• GIVEN RECORDS:
- - - - -

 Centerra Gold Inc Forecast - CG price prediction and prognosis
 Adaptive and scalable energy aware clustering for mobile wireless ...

- - - - -

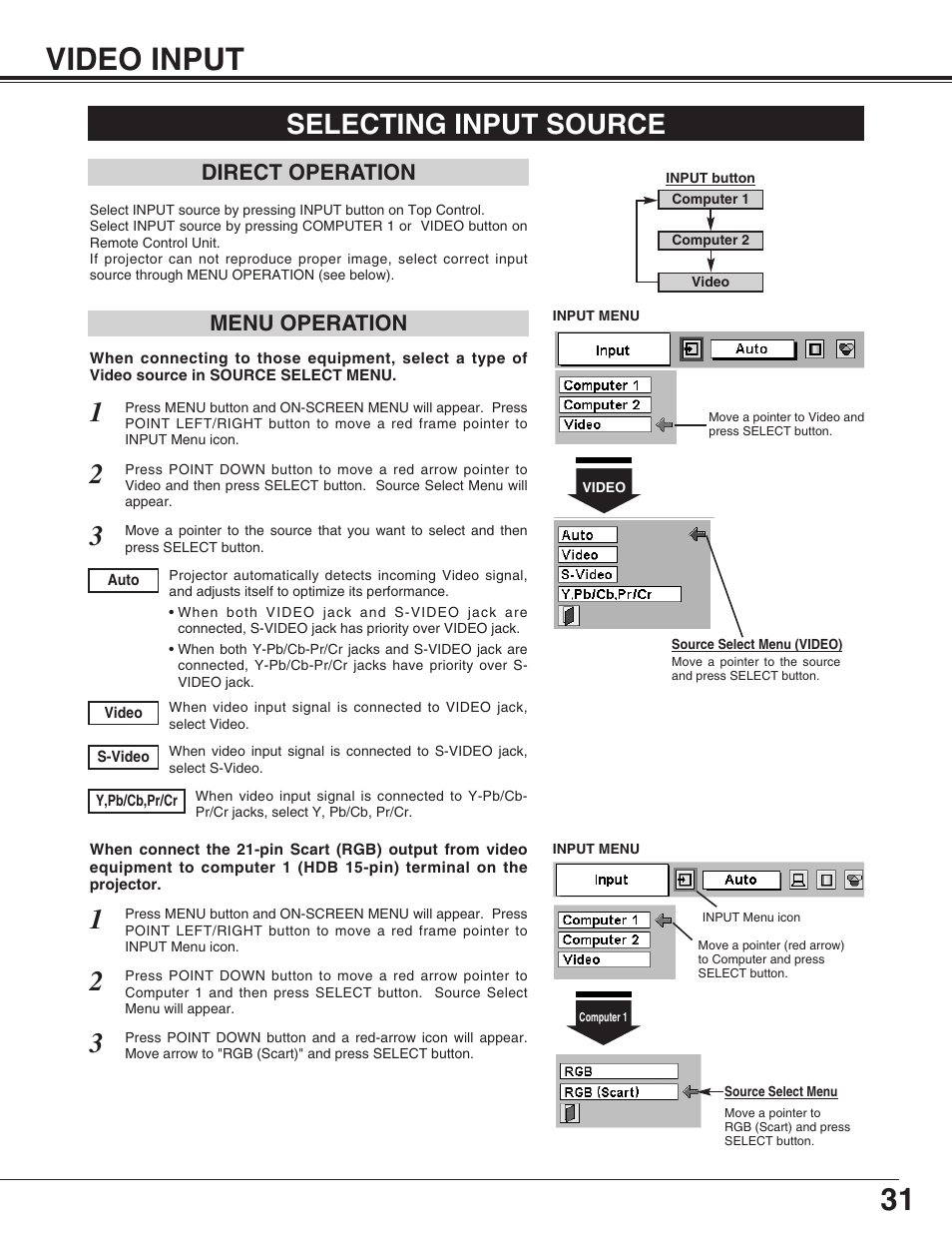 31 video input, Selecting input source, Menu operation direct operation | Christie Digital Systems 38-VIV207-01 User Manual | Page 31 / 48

- - - - -

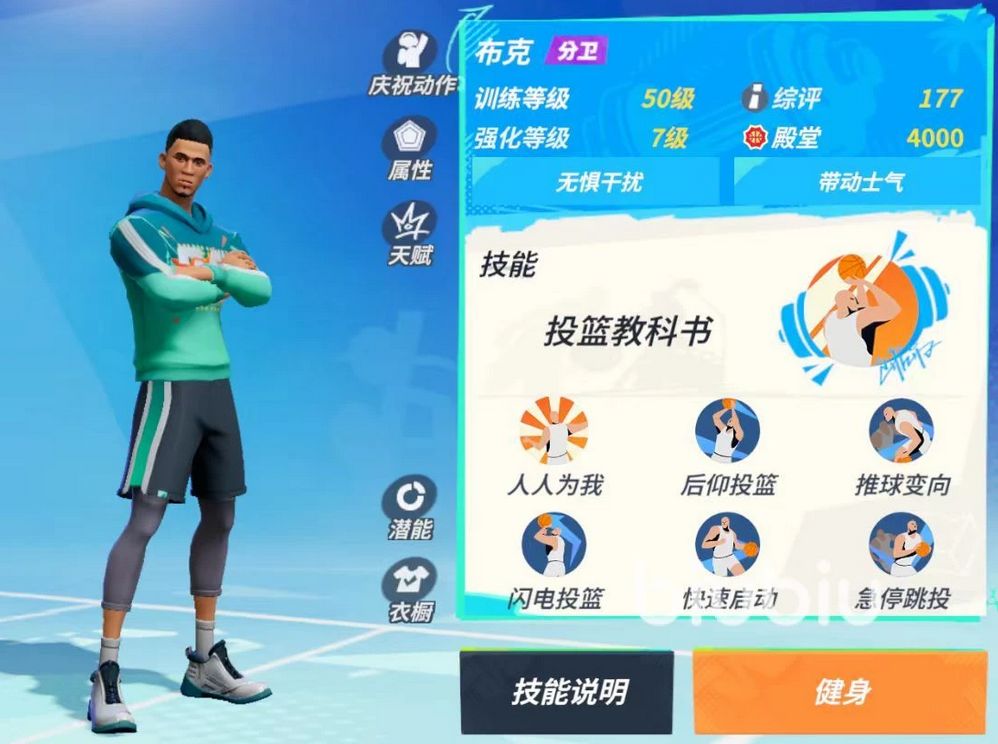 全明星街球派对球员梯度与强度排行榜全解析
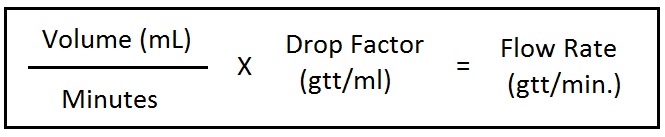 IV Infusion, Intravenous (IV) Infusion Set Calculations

- - - - -

Above are some lines. Repeat exactly, and only, those from the line that has "Centerra Gold Inc" through the line that has "Adaptive and scalable".

• SOLUTION BELOW:
 Centerra Gold Inc Forecast - CG price prediction and prognosis
 Adaptive and scalable energy aware clustering for mobile wireless ...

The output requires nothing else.